No fundo, todo brasileiro adora chorar um amor perdido. Parece que se coça a semana inteira para que, na sexta-feira, tenha a possibilidade de chamar um amigo e tomar uma cachaça lamentando a mulher ou o homem que partiu. O assunto começa como uma tese psicanalítica, com citações ao mestre Freud, e termina com um sonoro "aquela cachorra", uma virada de um gole só da cachaça e o pedido caloroso por Waldick Soriano.
As canções desse baiano surgem como hino à noite caberística. Toca nas melhores casas noturnas, embalando corações apaixonados. Dono de um charme peculiar, Waldick saiu de Catité, sertão da Bahia, buscando a fama e o sucesso na música ou no cinema. Inspirado em Durango Kid, acatou o chapéu estilo cowmboy, famoso nos filmes de faroeste, em seguida o velho paletó da malandragem e o arrebatador óculos escuros.
Como o maior cantor romântico brasileiro, intérprete de canções viscerais, inevitavelmente Waldick amou muitas mulheres, inclusive algumas delas ao mesmo tempo. Dividia-se entre elas por não saber dizer um não, abandonar uma paixão, correr o sério risco da irremediável solidão.

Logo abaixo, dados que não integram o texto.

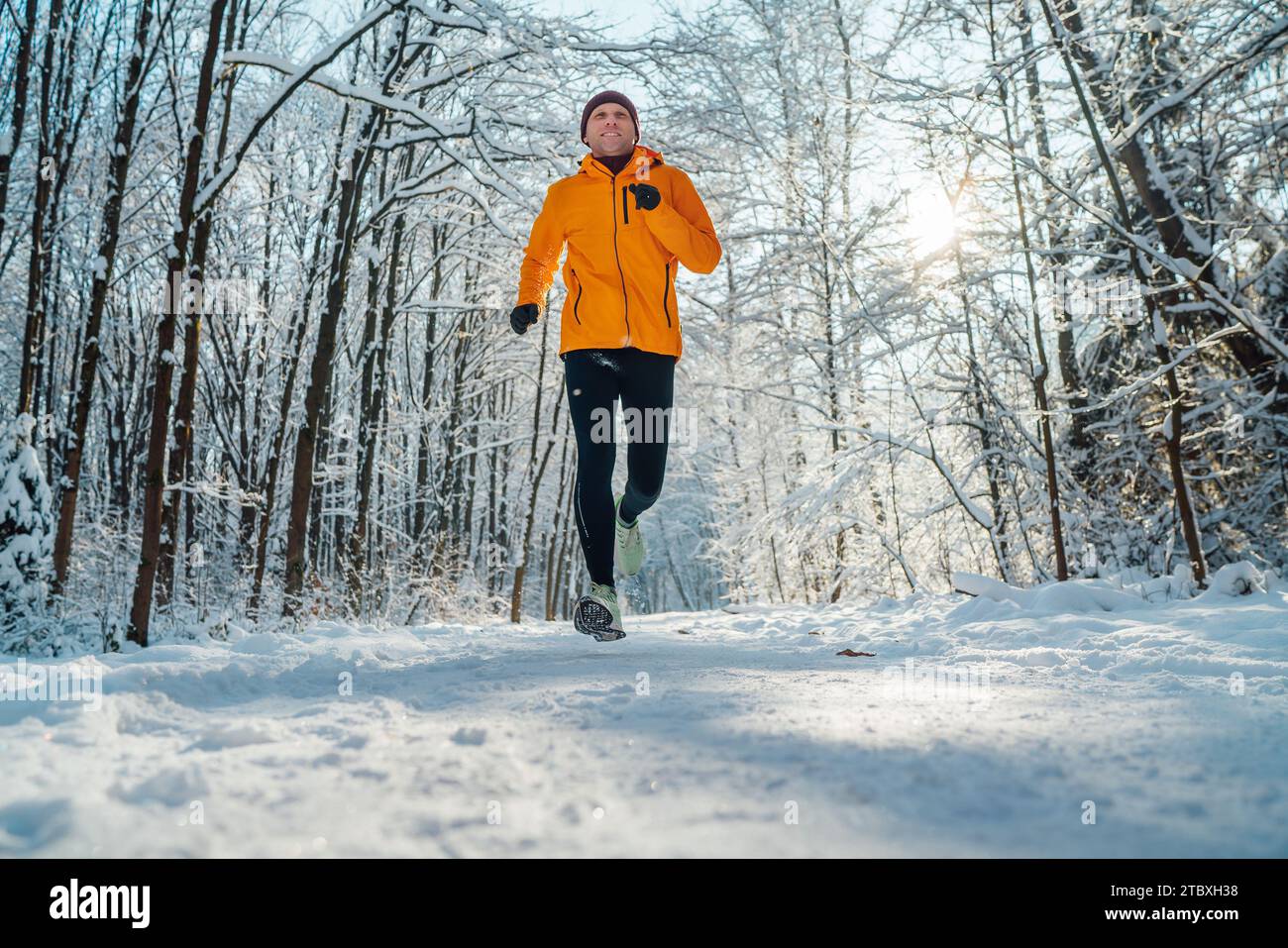 Middle-aged smiling trail runner man dressed bright orange windproof jacket endurance fast running picturesque snowy forest during sunny frosty day. S Stock Photo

Nas letras, a dura crueldade do amor, da saudade e da traição, elementos indispensáveis na vida de todo brasileiro. Waldick é o tipo de música que um velho de 60 anos ou um menino de 15 ajoelham-se, pertinho da parede, escorando o quengo, e cantam aos berros, com a mão no coração. É música que se lamenta, expele a dor, que faz o ser humano abraçar o amigo e erguer as mãos adorando o amor.
Antes de morrer, em 2008, o músico vinha lutando contra um câncer, descoberto em 2006. Mesmo em recuperação, Waldick cantou e emocionou plateias, em especial um show emblemático em Fortaleza, chamado Waldick Soriano - Sempre no meu coração, dirigido pela atriz Patrícia Pilar e em seguida transformado num belo Dvd. Esta belíssima obra, inclusive, quando nosso infalível bar de Margarida funcionava, ao redor da UFPE, não demorava muito a tocar e a estudantada toda se entregava ao brega romântico.
Como toda manhã pra mim é surpreendente, me veio essa notícia comovente. Senti falta de algum disco do Waldick, para continuar a pedalada curtindo um som para homenageá-lo também, assim como fez os dois senhores. Mas não tem problema. Hoje é terça-feira e com certeza haverá alguém na Mamede Simões, no Bar Central, no Cais de Santa Rita, em Olinda,no ônibus, na bicicleta, no táxi, no Rádio, nos Ele e Ela da vida colocando Waldick Soriano pra cantar Quem és tu, A dama de vermelho, Torturas de amor, Eu não sou cachorro, não, entre tantas outras, e chorar abertamente a dor de quando a saudade aperta.